SAP, one of the leading vendors of ERP [7], has introduced its enterprise service-oriented architecture [6, p. 383]. SAP’s architecture specifies general services to enterprise services whereas our BABES model specifies general services to big data analytics as a service. Big data analytics services should be a part of enterprise services, and then our BABES can be considered as a concrete application for the enterprise service-oriented architecture of SAP. However, SAP’s enterprise system focuses on enterprise services in finance, logistics, procurement and human resources management as a part of its ERP system [6]. We conceive that our DBABES will be incorporated into the next generation EIS integrating SCM, CRM, and KM systems, in particular the cloud-based version of EIS.

6 Conclusion

The paper presented a timely critical investigation of an emerging area of big data analytics and its relationships to existing fields of IS research in general and EIS in specific. The two main contributions of this paper are an ontology of big data analytics and BABES: a model for incorporating big data analytics into EIS. The ontology of big data analytics is used to address what is the constitution of big data analytics and how its components are networked.
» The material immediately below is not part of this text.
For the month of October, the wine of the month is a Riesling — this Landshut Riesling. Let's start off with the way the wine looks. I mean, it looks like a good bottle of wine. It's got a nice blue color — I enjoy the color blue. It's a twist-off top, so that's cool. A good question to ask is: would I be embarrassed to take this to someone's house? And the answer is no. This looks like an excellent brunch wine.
The BABES reveals how to incorporate big data analytics into EIS. The discussion of the related work of SAP implies that the proposed DABES is useful for the development of EIS. The proposed approach in this paper might facilitate research and development of business analytics, big data analytics, EIS, and BI.

Besides mentioning in the previous section, in our future work, we will explore enterprise acceptability of DABES for EIS. We will also explore how to design and implement DABES. More specifically, we will address the main functions of EIS that should be based on DABES, and how DABES can be developed in order to incorporate big data analytics into EIS using intelligent agents technology [24].